When faced with a price increase, clients may feel backed into a corner with only two options. One option is to take the price increase, sacrificing somewhere else in their budget. The other option is to stop buying from you and either forego the service or go through the hassle of finding another vendor.
Price increases typically create a “yes” or “no” scenario. Instead, what if you offered a third fallback option that was a scaled back version of your service?
Your fallback option could be lower-cost package with fewer benefits for your clients that are not willing to accept the price increase. You win because you keep the client. The client wins because they get to save money while keeping pieces of your offering.
The good news is that your fallback option not only can preserve revenue, it may also be able to preserve your profits. Done correctly, it may also create a strategy to go after your competition and get marketshare.
Here are a few things to consider as you create your fallback option.
Ask What Is Essential To Your Customers
When I was a kid most of the cars we had growing up had an AM radio, bench seats, and windows that you rolled down by hand. Now my car has an incredible surround-sound stereo system, multi-position heated buckets seats, and automatic windows. As much as I like these amenities, the reality is that I mainly need my car to get me to the airport and back. If cost-cutting were necessary, I could live without the fancy things.
Think about your products and services through the eyes of your customers—especially the ones who tend to be price-sensitive. What is most important to them? What can they not live without? What challenges are they facing that your offering alleviates?
Bob Moesta and Clay Christensen believe that buyers don’t buy products and services. Instead, they hire them for a “job to be done.” In the case of my car, I mainly hired it to get from point A to point B. Sure, I also hired it to provide some comfort, enjoyment, and status. But if times are tight what I mainly need is transportation.
Think about your offerings. What “job to be done” did your customers have that motivated them to purchase from you? What is essential and what is optional?
Your fallback option should include the essentials. In fact, you might even call it your “essentials” package. Strip away the surround sound, heated seats, and automatic windows. Offer a lower-cost option that still gets the job done.

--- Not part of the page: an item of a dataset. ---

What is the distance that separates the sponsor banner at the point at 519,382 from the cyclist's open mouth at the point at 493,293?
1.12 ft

This allows you to keep your client while becoming a partner that also helps them achieve the goal of reducing their costs instead of raising them.

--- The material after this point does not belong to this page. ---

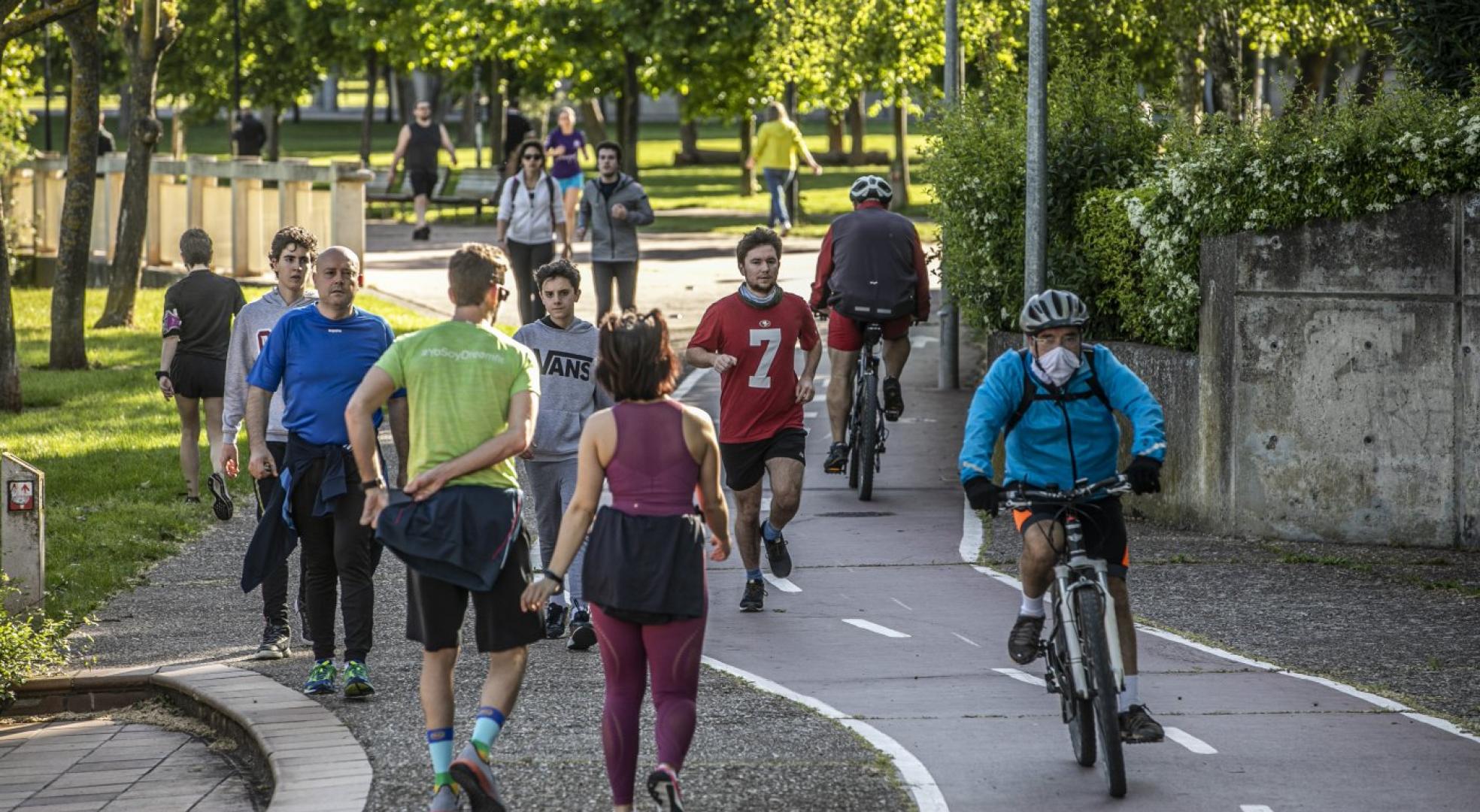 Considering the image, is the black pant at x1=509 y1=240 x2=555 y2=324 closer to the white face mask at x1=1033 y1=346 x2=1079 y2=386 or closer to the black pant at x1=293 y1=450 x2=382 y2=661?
the black pant at x1=293 y1=450 x2=382 y2=661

Consider You How You Can Preserve Your Profits
Just because you offer a fallback option with a lower cost does not necessarily mean that you need to lower your profits. Look for ways to package your “essentials” option in a way that has the same profit as your full offering.
Once you create your “essentials” bundle look at the cost of the product and/or service.
Then, take the actual dollar amount of the margin you had on your full offering and add it to the essentials offering. If you use this as the price you can protect your profit.
Can you always protect your profits? No. However, sometimes you might find a way to even raise your profits.
Create a Campaign To Add Back Margins
For the customers that choose your fallback option instead of a price increase, build a marketing campaign that allows them to add back some of the options. You might let some time pass. Then start dripping out marketing that lets them add in features. Make it easy to bring these back in.
For example, my TV provider recently raised their rates. If they had a fallback option, I might have opted for fewer channels to save some money. Over time, the provider would be smart to begin offering some of the channels I lost for an incremental increase in monthly fees.
You might be able to do the same. After some time has passed, launch a marketing campaign that invites clients to incrementally upgrade their experience with your company.
Go After Your Competition
As you create your fallback option you may discover a new offering that could attract customers from your competitors. Chances are your competitors are raising prices. Your “essentials” offering could be the thing that lures them away. Once you bring them on board you can expand the relationship.